Monopoles - 9 - Dirac Monopoles in Quantum Mechanics - Part - 5

Nearly for a month, I searched for the solution of the differential equation we got in the previous post given by, $$ \frac{d}{dz}\left(\left(2z-z^2\right)\frac{dL}{dz}\right) + \left[\lambda - \frac{\left(m+\frac{n}{2}(2-z)\right)^2}{2z-z^2}\right] L(z) = 0 $$
Finally I found the solution in a German paper by I.Tamm (which is eventually the same paper mentioned by Dirac).

It took a long time to get the paper and it took even more time to decode it into English (usual google translator buries all the meaning in it), so I took the hard way by translating each and everything as word by word.  Anyways, in the mean time I did learn a lot. 

Our equation looks similar to the general Associated Legendre equation except for the constant term "m", which is replaced with a variable term. 

Away from that, the general theory for solving a second order differential equation with variable coefficients starts from the characteristic equation. 
We will derive for the general differential equation, $$ a(x)y''(x) + b(x)y'(x) + c(x)y(x) = 0 $$ or simply $$ y''(x) + p(x)y'(x) + q(x)y(x) = 0$$ where we divided by a(x) and denote it with new variables.
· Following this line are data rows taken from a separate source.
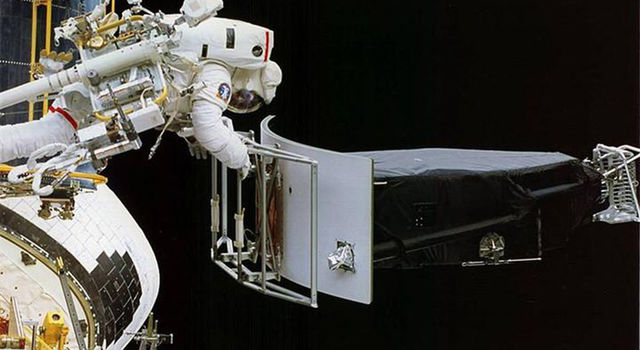 Astronaut Jeffrey Hoffman removes Wide Field and Planetary Camera 1 Astronaut Jeffrey Hoffman removes Wide Field and Planetary Camera 1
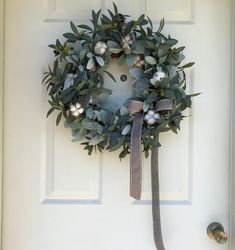 a wreath is hanging on the front door with a ribbon tied around it to hang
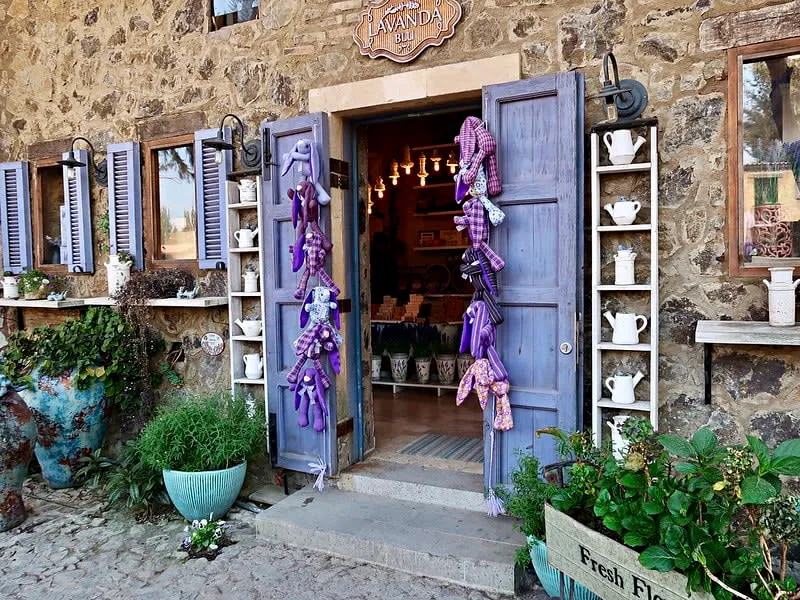 Val'Quirico shopfronts and stone walkways during an August rainy-season afternoon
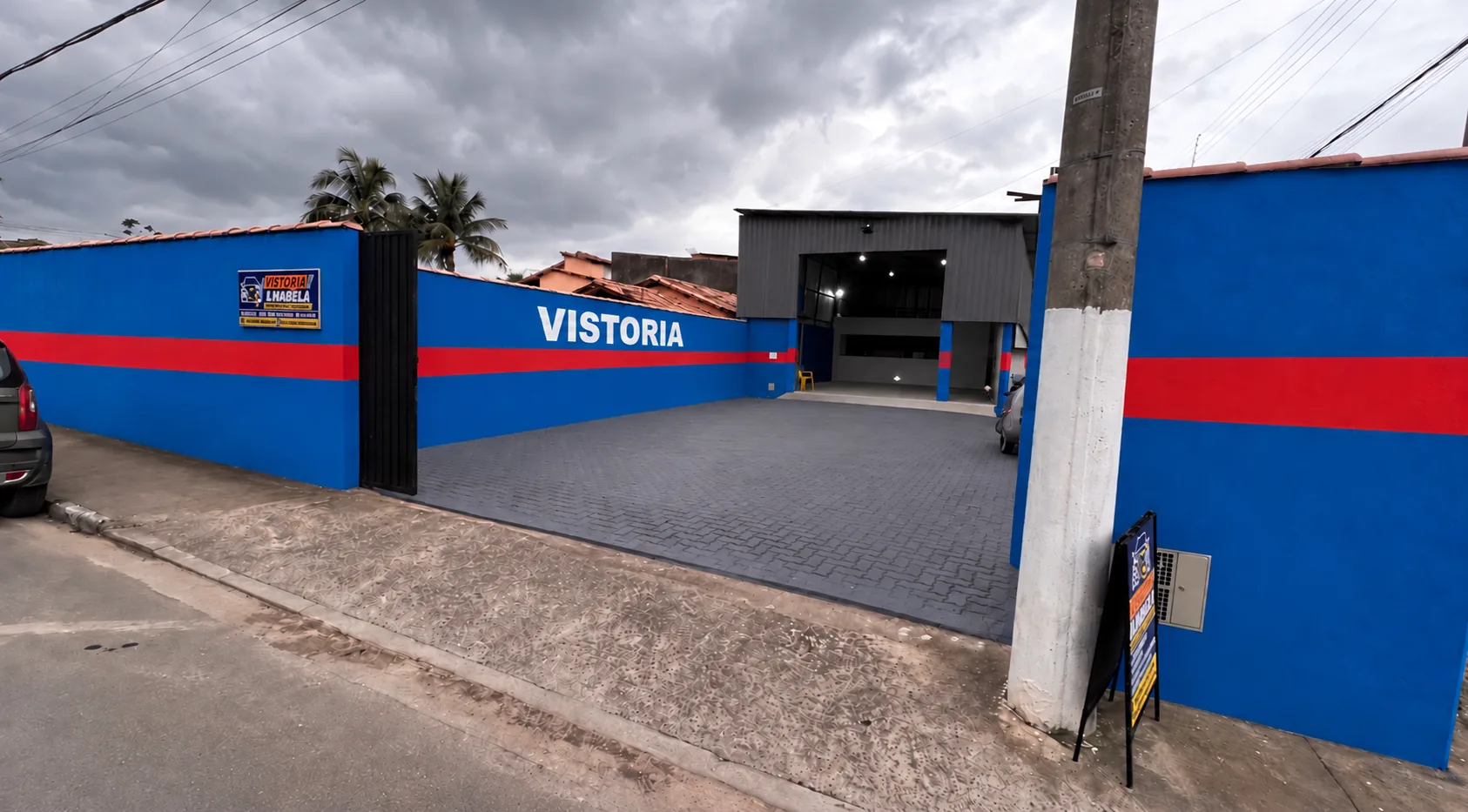 Fachada da Vistoria Veicular Ilhabela no Perequê, com muro azul e vermelho e a palavra VISTORIA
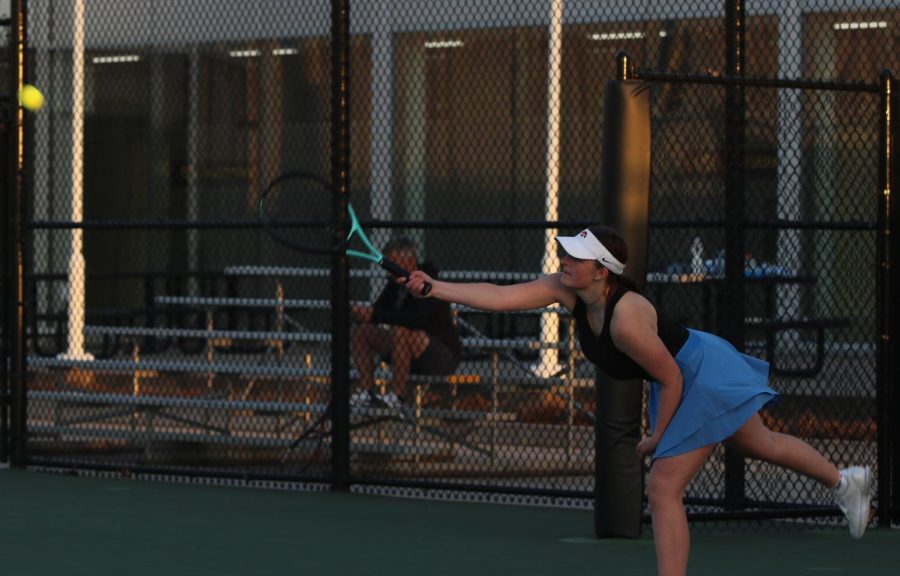 Vivian Tomek 23 reaches for a forehand.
One should note that, a(x) shouldn't have any kind of singularities unless the differential equation itself become meaningless. 

Thus, there are different kinds of singularities and it goes with mathematical literature. Here, we focus only on regular singularities where p(x) or q(x) becomes singular at much slower rate than $\frac{1}{x}$ and $\frac{1}{x^2}$  where we take the singularity at x=0. 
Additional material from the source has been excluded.